Task brief: If a record holds a picture, please leave the picture out and copy the rest of the record exactly.

Collected data entries:
= = = =
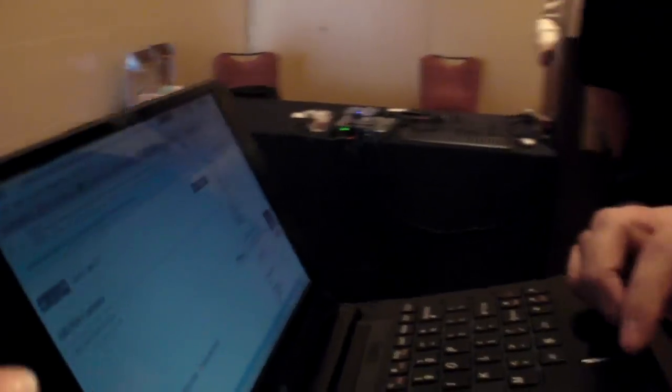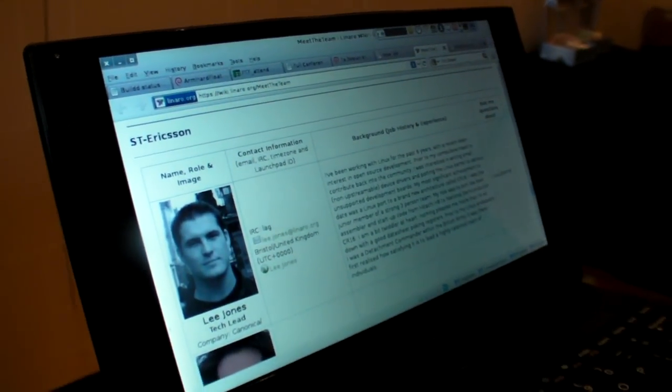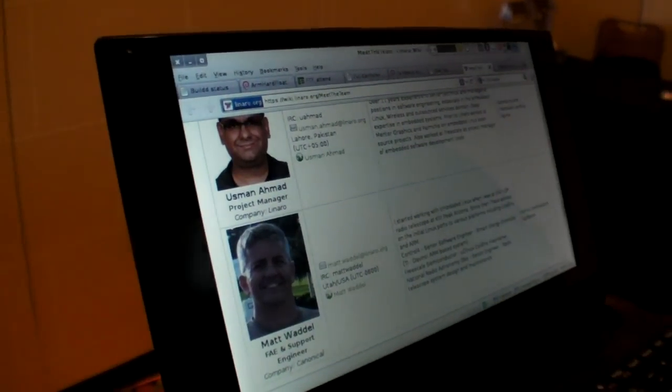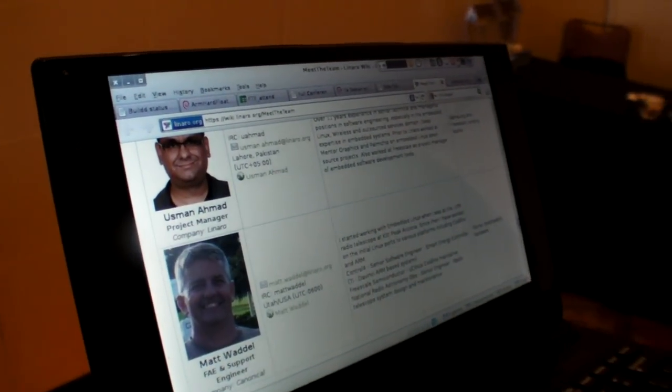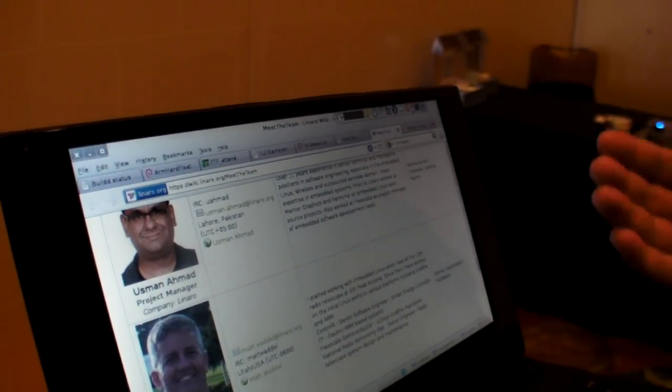This is your work laptop right here, and you're actually using... yes, this is my work laptop. I'm using the hard float port, which is basically the same thing as Debian-based, and it's going to find its way to Ubuntu probably in the next release, or maybe the one after that.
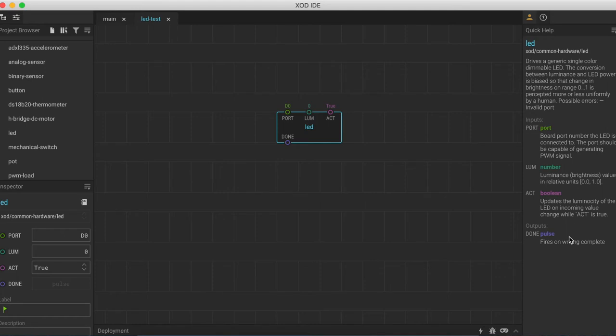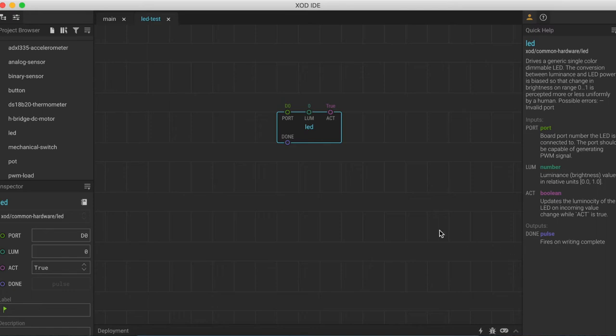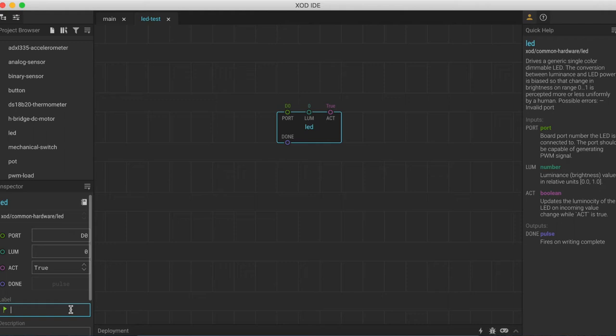If you don't see this sidebar, you can always toggle it on and off by clicking this little question mark button at the top here. Over here on the left, you also have the inspector pane. This is where you can change all of the properties of the node. You can also rename it if you like.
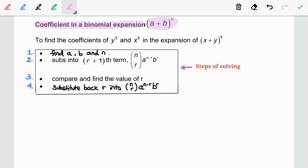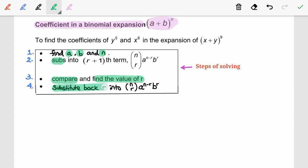First, let us go through the steps of solving. Step 1: Find a, b, and n. Step 2: Substitute into the (r+1)th term formula, which is C(n,r) · a to the power of (n minus r) · b to the power of r. Step 3: Compare and find the values of r. Step 4: Substitute back r into the (r+1)th term.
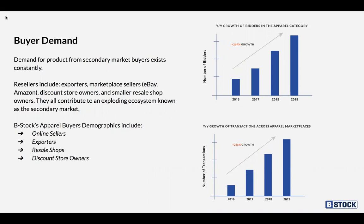B-Stock Solutions has been at the forefront of this growth during the last 16 years. On the right-hand side of the first chart, you can see the number of bidders over time during the last four years — from 2016 to 2019 — showing year-on-year growth of bidders in the apparel category. Underneath this, you'll see the number of transactions, with year-on-year growth exceeding 266%. This illustrates B-Stock's strength of ecosystem and network effect. More and more apparel resellers and retailers are moving into this space, and e-commerce is underpinned by this growth.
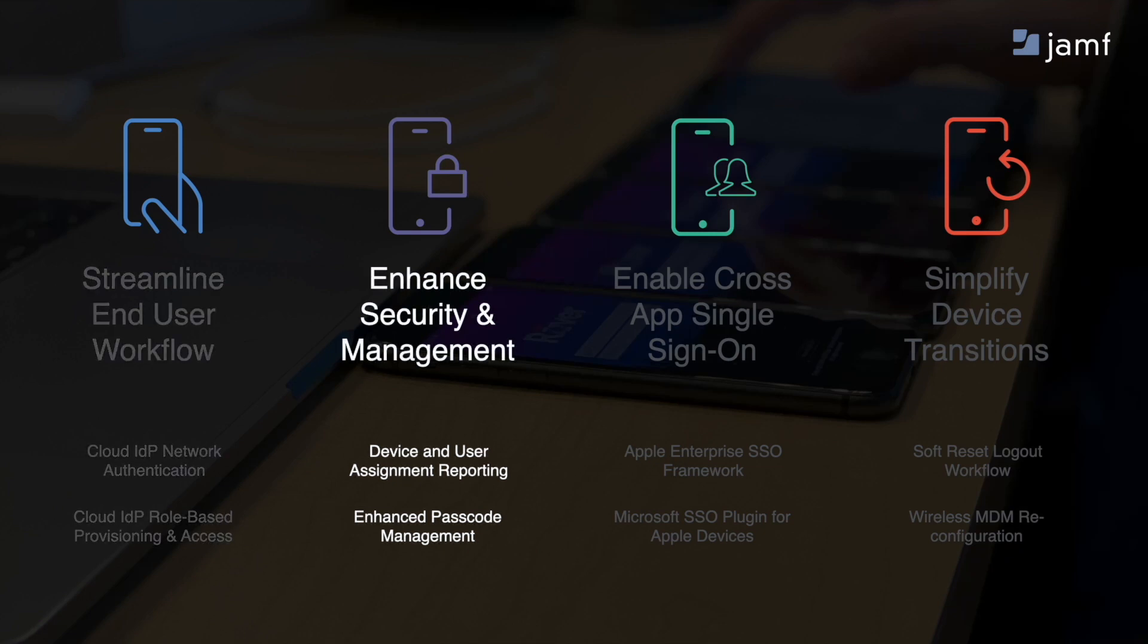To enhance security and management, device and user assignment visibility is available to IT teams for audits and reports. We've also enhanced the way that passcodes can be enforced and cleared on a per-shift basis.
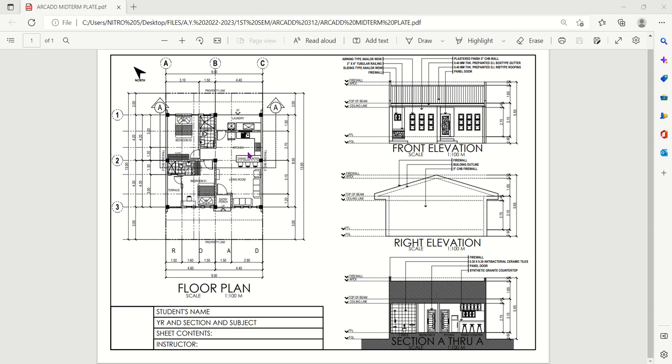For our midterm plate in CAD 312, we'll be creating two elevations and one section for our floor plan. Those are just the minimum. If you want to create four elevations or two sections, that's fine.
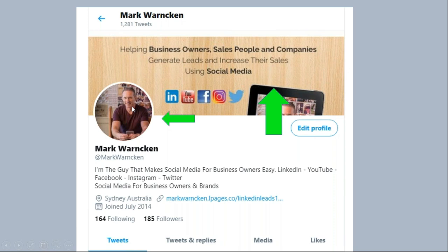Secondly, you want to create an engaging and eye-catching profile image. I've just gone with a photo of me — I am my business. But for most of you out there, it might be your business logo, a cartoon character, an image, or equally a photo of you. Your banner image and your profile image are the two most visual parts at the top of your profile.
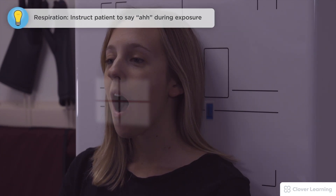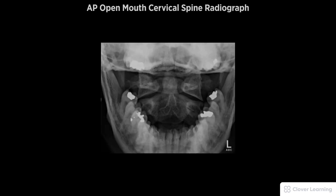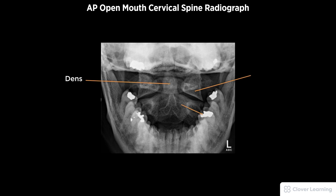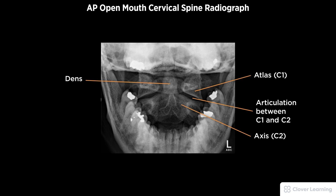As I step away from the patient, I instruct her to say 'ah,' which depresses the tongue to the floor of the mouth, and then the exposure is taken. A diagnostic AP open mouth cervical spine radiograph must be free of motion and rotation. Demonstrated anatomy includes the dens, atlas, axis, and articulations between the first and second cervical vertebrae with proper visualization of soft tissue and bony detail.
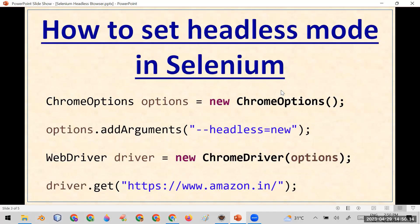To run your Selenium test cases in headless mode, you have to use the ChromeOptions setting. There is a class called ChromeOptions — you create an object of ChromeOptions, then add the argument '--headless=new'. You then pass these options into your ChromeDriver constructor. When you use these options, your test cases will run but the browser window will not be visible.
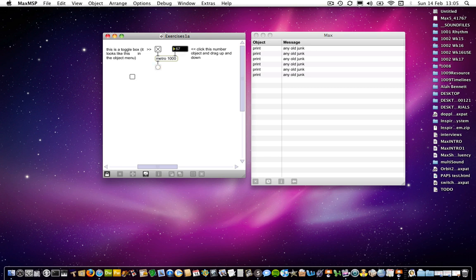So if I drag this up to, well, you can see, it changes immediately. So now if I put it to 500, I'm going to have to mess about with this for a minute. There we go. This now should send out a pulse every 500 milliseconds. So that's half a second.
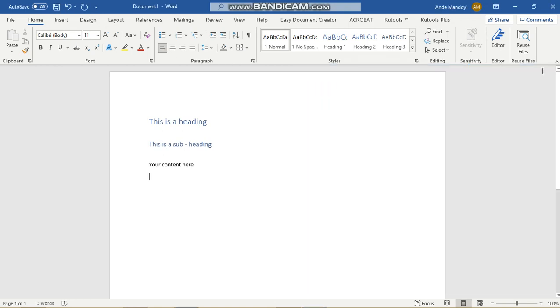Hello again. Today I'm going to be showing you how to create a list of references along with the table on Microsoft Word.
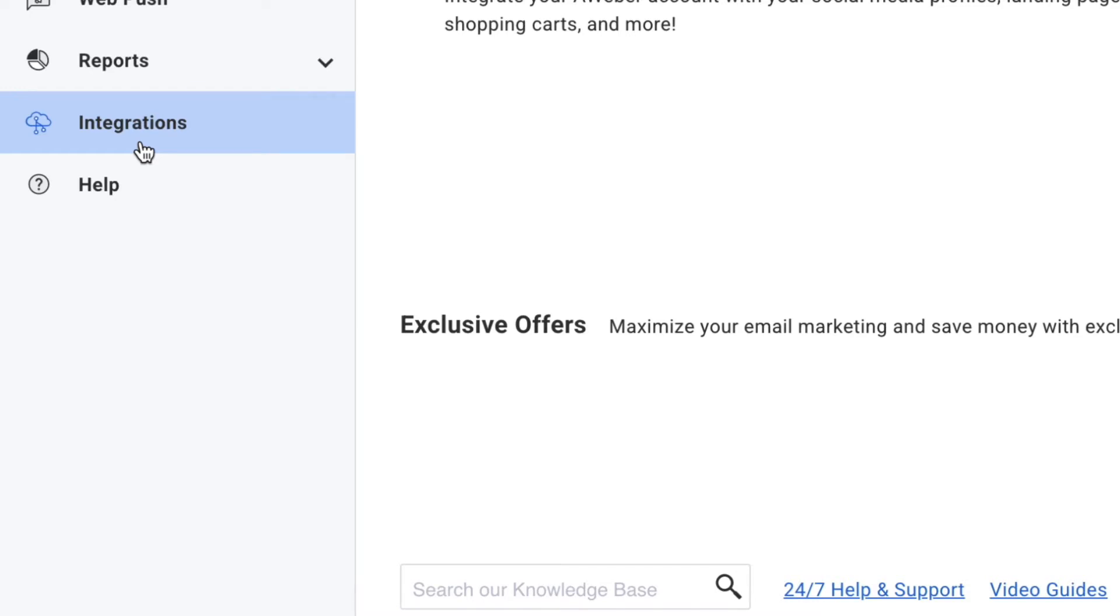With AWeber's WordPress Connect integration, you can integrate your WordPress blog with your AWeber account. Here's how.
= = = =
Response:
This is your work laptop right here, and you're actually using... yes, this is my work laptop. I'm using the hard float port, which is basically the same thing as Debian-based, and it's going to find its way to Ubuntu probably in the next release, or maybe the one after that.
If you don't see this sidebar, you can always toggle it on and off by clicking this little question mark button at the top here. Over here on the left, you also have the inspector pane. This is where you can change all of the properties of the node. You can also rename it if you like.
First, let us go through the steps of solving. Step 1: Find a, b, and n. Step 2: Substitute into the (r+1)th term formula, which is C(n,r) · a to the power of (n minus r) · b to the power of r. Step 3: Compare and find the values of r. Step 4: Substitute back r into the (r+1)th term.
B-Stock Solutions has been at the forefront of this growth during the last 16 years. On the right-hand side of the first chart, you can see the number of bidders over time during the last four years — from 2016 to 2019 — showing year-on-year growth of bidders in the apparel category. Underneath this, you'll see the number of transactions, with year-on-year growth exceeding 266%. This illustrates B-Stock's strength of ecosystem and network effect. More and more apparel resellers and retailers are moving into this space, and e-commerce is underpinned by this growth.
To enhance security and management, device and user assignment visibility is available to IT teams for audits and reports. We've also enhanced the way that passcodes can be enforced and cleared on a per-shift basis.
For our midterm plate in CAD 312, we'll be creating two elevations and one section for our floor plan. Those are just the minimum. If you want to create four elevations or two sections, that's fine.
Secondly, you want to create an engaging and eye-catching profile image. I've just gone with a photo of me — I am my business. But for most of you out there, it might be your business logo, a cartoon character, an image, or equally a photo of you. Your banner image and your profile image are the two most visual parts at the top of your profile.
As I step away from the patient, I instruct her to say 'ah,' which depresses the tongue to the floor of the mouth, and then the exposure is taken. A diagnostic AP open mouth cervical spine radiograph must be free of motion and rotation. Demonstrated anatomy includes the dens, atlas, axis, and articulations between the first and second cervical vertebrae with proper visualization of soft tissue and bony detail.
To run your Selenium test cases in headless mode, you have to use the ChromeOptions setting. There is a class called ChromeOptions — you create an object of ChromeOptions, then add the argument '--headless=new'. You then pass these options into your ChromeDriver constructor. When you use these options, your test cases will run but the browser window will not be visible.
So if I drag this up to, well, you can see, it changes immediately. So now if I put it to 500, I'm going to have to mess about with this for a minute. There we go. This now should send out a pulse every 500 milliseconds. So that's half a second.
Hello again. Today I'm going to be showing you how to create a list of references along with the table on Microsoft Word.
With AWeber's WordPress Connect integration, you can integrate your WordPress blog with your AWeber account. Here's how.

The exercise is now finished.